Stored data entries
========================

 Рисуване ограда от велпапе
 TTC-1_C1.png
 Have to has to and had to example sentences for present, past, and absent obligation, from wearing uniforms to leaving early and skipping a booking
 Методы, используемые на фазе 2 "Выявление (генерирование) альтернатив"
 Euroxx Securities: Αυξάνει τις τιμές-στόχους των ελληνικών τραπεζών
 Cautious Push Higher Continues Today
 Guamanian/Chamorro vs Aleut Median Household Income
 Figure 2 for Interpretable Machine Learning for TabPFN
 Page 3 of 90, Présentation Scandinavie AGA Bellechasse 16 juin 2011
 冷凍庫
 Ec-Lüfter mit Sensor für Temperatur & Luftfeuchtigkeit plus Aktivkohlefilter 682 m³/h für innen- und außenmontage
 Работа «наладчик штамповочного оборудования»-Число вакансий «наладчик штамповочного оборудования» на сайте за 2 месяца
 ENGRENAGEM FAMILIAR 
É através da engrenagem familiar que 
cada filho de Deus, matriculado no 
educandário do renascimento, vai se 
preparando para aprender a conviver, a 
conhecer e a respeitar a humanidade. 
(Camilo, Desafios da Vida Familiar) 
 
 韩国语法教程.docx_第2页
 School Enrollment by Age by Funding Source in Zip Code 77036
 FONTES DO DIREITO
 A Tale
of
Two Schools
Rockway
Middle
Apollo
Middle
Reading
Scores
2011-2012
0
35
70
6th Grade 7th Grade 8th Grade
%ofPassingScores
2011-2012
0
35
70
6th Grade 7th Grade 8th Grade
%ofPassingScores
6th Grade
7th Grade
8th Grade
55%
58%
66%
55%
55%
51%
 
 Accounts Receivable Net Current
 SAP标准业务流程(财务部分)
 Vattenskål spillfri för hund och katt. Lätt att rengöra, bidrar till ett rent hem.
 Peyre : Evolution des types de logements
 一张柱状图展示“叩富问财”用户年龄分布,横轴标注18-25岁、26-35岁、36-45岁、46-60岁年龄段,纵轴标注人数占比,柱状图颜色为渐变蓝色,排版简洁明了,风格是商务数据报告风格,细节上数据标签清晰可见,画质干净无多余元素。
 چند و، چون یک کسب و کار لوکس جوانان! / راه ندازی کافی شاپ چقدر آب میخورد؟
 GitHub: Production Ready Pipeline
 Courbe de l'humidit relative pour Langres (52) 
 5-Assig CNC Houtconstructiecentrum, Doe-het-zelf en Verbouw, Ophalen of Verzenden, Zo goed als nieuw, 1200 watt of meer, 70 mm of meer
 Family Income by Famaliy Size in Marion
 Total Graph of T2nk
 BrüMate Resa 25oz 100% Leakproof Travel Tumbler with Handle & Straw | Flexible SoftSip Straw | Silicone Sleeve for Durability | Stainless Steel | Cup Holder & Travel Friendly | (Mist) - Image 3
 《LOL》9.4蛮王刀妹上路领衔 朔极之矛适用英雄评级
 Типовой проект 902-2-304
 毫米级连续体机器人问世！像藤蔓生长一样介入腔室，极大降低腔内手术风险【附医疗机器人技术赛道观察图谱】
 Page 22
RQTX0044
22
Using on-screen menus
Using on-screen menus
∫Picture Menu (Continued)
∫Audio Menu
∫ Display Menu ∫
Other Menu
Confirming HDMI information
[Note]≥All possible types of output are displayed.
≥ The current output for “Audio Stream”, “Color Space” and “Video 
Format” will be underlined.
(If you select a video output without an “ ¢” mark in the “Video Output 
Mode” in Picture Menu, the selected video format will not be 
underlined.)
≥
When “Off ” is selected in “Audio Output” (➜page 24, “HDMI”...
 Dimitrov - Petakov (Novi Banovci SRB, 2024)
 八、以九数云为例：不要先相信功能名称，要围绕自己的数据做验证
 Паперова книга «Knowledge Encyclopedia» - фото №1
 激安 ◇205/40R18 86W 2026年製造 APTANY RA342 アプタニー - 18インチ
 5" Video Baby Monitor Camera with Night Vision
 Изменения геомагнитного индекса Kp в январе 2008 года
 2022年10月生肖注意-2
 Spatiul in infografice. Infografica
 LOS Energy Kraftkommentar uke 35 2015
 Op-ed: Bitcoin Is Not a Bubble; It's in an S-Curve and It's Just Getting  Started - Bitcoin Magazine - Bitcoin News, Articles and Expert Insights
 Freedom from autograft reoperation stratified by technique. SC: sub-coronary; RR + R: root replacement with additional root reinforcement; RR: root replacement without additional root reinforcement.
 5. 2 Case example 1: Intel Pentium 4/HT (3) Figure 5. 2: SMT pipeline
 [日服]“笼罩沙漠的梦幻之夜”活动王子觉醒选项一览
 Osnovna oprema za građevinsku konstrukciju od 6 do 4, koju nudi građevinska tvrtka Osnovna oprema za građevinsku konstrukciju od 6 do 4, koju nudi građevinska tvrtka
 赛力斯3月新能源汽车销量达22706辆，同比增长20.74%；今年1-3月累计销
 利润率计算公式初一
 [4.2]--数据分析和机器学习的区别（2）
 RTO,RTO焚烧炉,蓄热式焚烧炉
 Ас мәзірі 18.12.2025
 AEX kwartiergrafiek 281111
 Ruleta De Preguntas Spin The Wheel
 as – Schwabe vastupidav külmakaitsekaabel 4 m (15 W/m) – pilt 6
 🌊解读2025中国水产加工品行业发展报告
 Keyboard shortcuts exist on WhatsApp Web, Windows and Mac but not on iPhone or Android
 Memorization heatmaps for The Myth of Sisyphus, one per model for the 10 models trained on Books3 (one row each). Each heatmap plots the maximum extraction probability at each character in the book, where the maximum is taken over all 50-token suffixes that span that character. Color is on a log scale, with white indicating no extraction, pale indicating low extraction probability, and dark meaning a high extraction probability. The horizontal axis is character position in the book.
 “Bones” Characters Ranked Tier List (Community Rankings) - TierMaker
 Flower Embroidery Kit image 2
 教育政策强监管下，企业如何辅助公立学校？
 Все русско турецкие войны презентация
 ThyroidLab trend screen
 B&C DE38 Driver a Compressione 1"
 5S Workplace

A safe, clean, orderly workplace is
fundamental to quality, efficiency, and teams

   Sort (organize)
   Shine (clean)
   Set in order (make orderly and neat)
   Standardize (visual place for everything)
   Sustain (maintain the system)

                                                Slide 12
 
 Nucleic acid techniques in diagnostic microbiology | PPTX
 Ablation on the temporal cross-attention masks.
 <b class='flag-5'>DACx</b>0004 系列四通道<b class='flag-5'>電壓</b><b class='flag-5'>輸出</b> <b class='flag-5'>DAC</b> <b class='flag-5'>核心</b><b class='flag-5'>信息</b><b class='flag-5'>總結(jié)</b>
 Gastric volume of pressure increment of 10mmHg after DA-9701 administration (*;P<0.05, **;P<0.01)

========================

**WHAT YOU WILL DO**
Could you reproduce all the records exactly?

**SOLVED EXERCISE**
 Рисуване ограда от велпапе
 TTC-1_C1.png
 Have to has to and had to example sentences for present, past, and absent obligation, from wearing uniforms to leaving early and skipping a booking
 Методы, используемые на фазе 2 "Выявление (генерирование) альтернатив"
 Euroxx Securities: Αυξάνει τις τιμές-στόχους των ελληνικών τραπεζών
 Cautious Push Higher Continues Today
 Guamanian/Chamorro vs Aleut Median Household Income
 Figure 2 for Interpretable Machine Learning for TabPFN
 Page 3 of 90, Présentation Scandinavie AGA Bellechasse 16 juin 2011
 冷凍庫
 Ec-Lüfter mit Sensor für Temperatur & Luftfeuchtigkeit plus Aktivkohlefilter 682 m³/h für innen- und außenmontage
 Работа «наладчик штамповочного оборудования»-Число вакансий «наладчик штамповочного оборудования» на сайте за 2 месяца
 ENGRENAGEM FAMILIAR 
É através da engrenagem familiar que 
cada filho de Deus, matriculado no 
educandário do renascimento, vai se 
preparando para aprender a conviver, a 
conhecer e a respeitar a humanidade. 
(Camilo, Desafios da Vida Familiar) 
 
 韩国语法教程.docx_第2页
 School Enrollment by Age by Funding Source in Zip Code 77036
 FONTES DO DIREITO
 A Tale
of
Two Schools
Rockway
Middle
Apollo
Middle
Reading
Scores
2011-2012
0
35
70
6th Grade 7th Grade 8th Grade
%ofPassingScores
2011-2012
0
35
70
6th Grade 7th Grade 8th Grade
%ofPassingScores
6th Grade
7th Grade
8th Grade
55%
58%
66%
55%
55%
51%
 
 Accounts Receivable Net Current
 SAP标准业务流程(财务部分)
 Vattenskål spillfri för hund och katt. Lätt att rengöra, bidrar till ett rent hem.
 Peyre : Evolution des types de logements
 一张柱状图展示“叩富问财”用户年龄分布,横轴标注18-25岁、26-35岁、36-45岁、46-60岁年龄段,纵轴标注人数占比,柱状图颜色为渐变蓝色,排版简洁明了,风格是商务数据报告风格,细节上数据标签清晰可见,画质干净无多余元素。
 چند و، چون یک کسب و کار لوکس جوانان! / راه ندازی کافی شاپ چقدر آب میخورد؟
 GitHub: Production Ready Pipeline
 Courbe de l'humidit relative pour Langres (52) 
 5-Assig CNC Houtconstructiecentrum, Doe-het-zelf en Verbouw, Ophalen of Verzenden, Zo goed als nieuw, 1200 watt of meer, 70 mm of meer
 Family Income by Famaliy Size in Marion
 Total Graph of T2nk
 BrüMate Resa 25oz 100% Leakproof Travel Tumbler with Handle & Straw | Flexible SoftSip Straw | Silicone Sleeve for Durability | Stainless Steel | Cup Holder & Travel Friendly | (Mist) - Image 3
 《LOL》9.4蛮王刀妹上路领衔 朔极之矛适用英雄评级
 Типовой проект 902-2-304
 毫米级连续体机器人问世！像藤蔓生长一样介入腔室，极大降低腔内手术风险【附医疗机器人技术赛道观察图谱】
 Page 22
RQTX0044
22
Using on-screen menus
Using on-screen menus
∫Picture Menu (Continued)
∫Audio Menu
∫ Display Menu ∫
Other Menu
Confirming HDMI information
[Note]≥All possible types of output are displayed.
≥ The current output for “Audio Stream”, “Color Space” and “Video 
Format” will be underlined.
(If you select a video output without an “ ¢” mark in the “Video Output 
Mode” in Picture Menu, the selected video format will not be 
underlined.)
≥
When “Off ” is selected in “Audio Output” (➜page 24, “HDMI”...
 Dimitrov - Petakov (Novi Banovci SRB, 2024)
 八、以九数云为例：不要先相信功能名称，要围绕自己的数据做验证
 Паперова книга «Knowledge Encyclopedia» - фото №1
 激安 ◇205/40R18 86W 2026年製造 APTANY RA342 アプタニー - 18インチ
 5" Video Baby Monitor Camera with Night Vision
 Изменения геомагнитного индекса Kp в январе 2008 года
 2022年10月生肖注意-2
 Spatiul in infografice. Infografica
 LOS Energy Kraftkommentar uke 35 2015
 Op-ed: Bitcoin Is Not a Bubble; It's in an S-Curve and It's Just Getting  Started - Bitcoin Magazine - Bitcoin News, Articles and Expert Insights
 Freedom from autograft reoperation stratified by technique. SC: sub-coronary; RR + R: root replacement with additional root reinforcement; RR: root replacement without additional root reinforcement.
 5. 2 Case example 1: Intel Pentium 4/HT (3) Figure 5. 2: SMT pipeline
 [日服]“笼罩沙漠的梦幻之夜”活动王子觉醒选项一览
 Osnovna oprema za građevinsku konstrukciju od 6 do 4, koju nudi građevinska tvrtka Osnovna oprema za građevinsku konstrukciju od 6 do 4, koju nudi građevinska tvrtka
 赛力斯3月新能源汽车销量达22706辆，同比增长20.74%；今年1-3月累计销
 利润率计算公式初一
 [4.2]--数据分析和机器学习的区别（2）
 RTO,RTO焚烧炉,蓄热式焚烧炉
 Ас мәзірі 18.12.2025
 AEX kwartiergrafiek 281111
 Ruleta De Preguntas Spin The Wheel
 as – Schwabe vastupidav külmakaitsekaabel 4 m (15 W/m) – pilt 6
 🌊解读2025中国水产加工品行业发展报告
 Keyboard shortcuts exist on WhatsApp Web, Windows and Mac but not on iPhone or Android
 Memorization heatmaps for The Myth of Sisyphus, one per model for the 10 models trained on Books3 (one row each). Each heatmap plots the maximum extraction probability at each character in the book, where the maximum is taken over all 50-token suffixes that span that character. Color is on a log scale, with white indicating no extraction, pale indicating low extraction probability, and dark meaning a high extraction probability. The horizontal axis is character position in the book.
 “Bones” Characters Ranked Tier List (Community Rankings) - TierMaker
 Flower Embroidery Kit image 2
 教育政策强监管下，企业如何辅助公立学校？
 Все русско турецкие войны презентация
 ThyroidLab trend screen
 B&C DE38 Driver a Compressione 1"
 5S Workplace

A safe, clean, orderly workplace is
fundamental to quality, efficiency, and teams

   Sort (organize)
   Shine (clean)
   Set in order (make orderly and neat)
   Standardize (visual place for everything)
   Sustain (maintain the system)

                                                Slide 12
 
 Nucleic acid techniques in diagnostic microbiology | PPTX
 Ablation on the temporal cross-attention masks.
 <b class='flag-5'>DACx</b>0004 系列四通道<b class='flag-5'>電壓</b><b class='flag-5'>輸出</b> <b class='flag-5'>DAC</b> <b class='flag-5'>核心</b><b class='flag-5'>信息</b><b class='flag-5'>總結(jié)</b>
 Gastric volume of pressure increment of 10mmHg after DA-9701 administration (*;P<0.05, **;P<0.01)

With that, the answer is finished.